Regardless of political leaning or vested interest, none can deny that there is cause for concern. Liver cirrhosis rates have risen by a phenomenal 95 per cent in just seven years, making us the world’s only developed nation with a rising rate of liver disease, while excessive alcohol consumption causes 22,000 premature deaths each year in the UK. Statistics tell us to expect 13 children to be hospitalised today thanks to dangerous levels of intoxication.

So what’s the answer? Simple, according to the newly-formed Alcohol Health Alliance (AHA), which advocates a three-pronged policy of increased funding for treatment and prevention programmes, tighter regulation of the drinks industry and, crucially, an increase in taxes on alcohol by as much as 25 per cent.

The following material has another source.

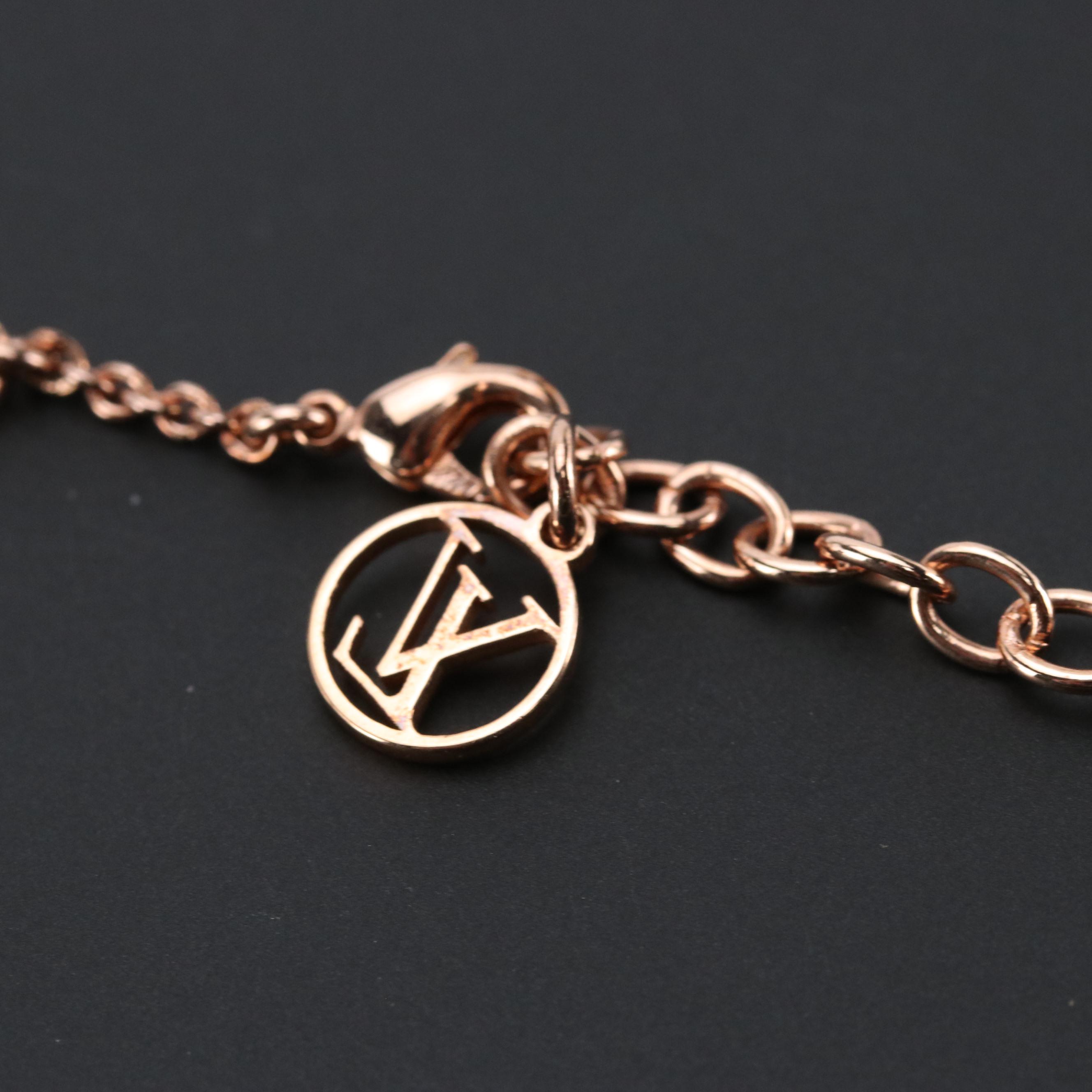 Louis Vuitton Rose-Gold Tone Essential V Necklace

But the mention of taxation provoked predictable howls of anguish from drinks industry lobby groups: the AHA’s proposals would “restrict personal freedoms and limit consumer choice”, said an open letter from the British Beer & Pub Association (BBPA). As well as the AHA’s mission statement, Tuesday saw us treated to a 225-page report on public health from the Nuffield Council on Bioethics, which also urged the government to take steps to alleviate the problems caused by alcohol. Committee chairman Lord Krebs summarised: “People often reject the idea of a ‘nanny state,’ but the Government has a duty to look after the health of everyone – and sometimes that means guiding or restricting our choices.”

Lord Krebs’ attempt to reassure libertarians may have sparked more panic than the report itself: talk of “guiding or restricting” choice can sound evasively euphemistic, eerily echoing China's ruthless “harmonising” of dissenters. He has a point, of course: a modern government which took no steps to safeguard public health would indeed be in dereliction of its duty. But according to Mill’s “classical harm principle,” discussed at length in the Nuffield report, the state has no justification for interfering in behaviour which affects only the agent himself.

If this is the central bone of contention in this debate, then the BBPA’s outrage at the idea of “restricting personal freedoms” seems a touch belated: as Health Minister Dawn Primarolo points out, UK alcohol taxation already stands at “something like the second-highest level in Europe.” Further hikes in taxes will serve only to tighten a restriction that is already in place; for all the bright ideas being bandied about, an end to Britain’s growing drink problem seems as far off as ever.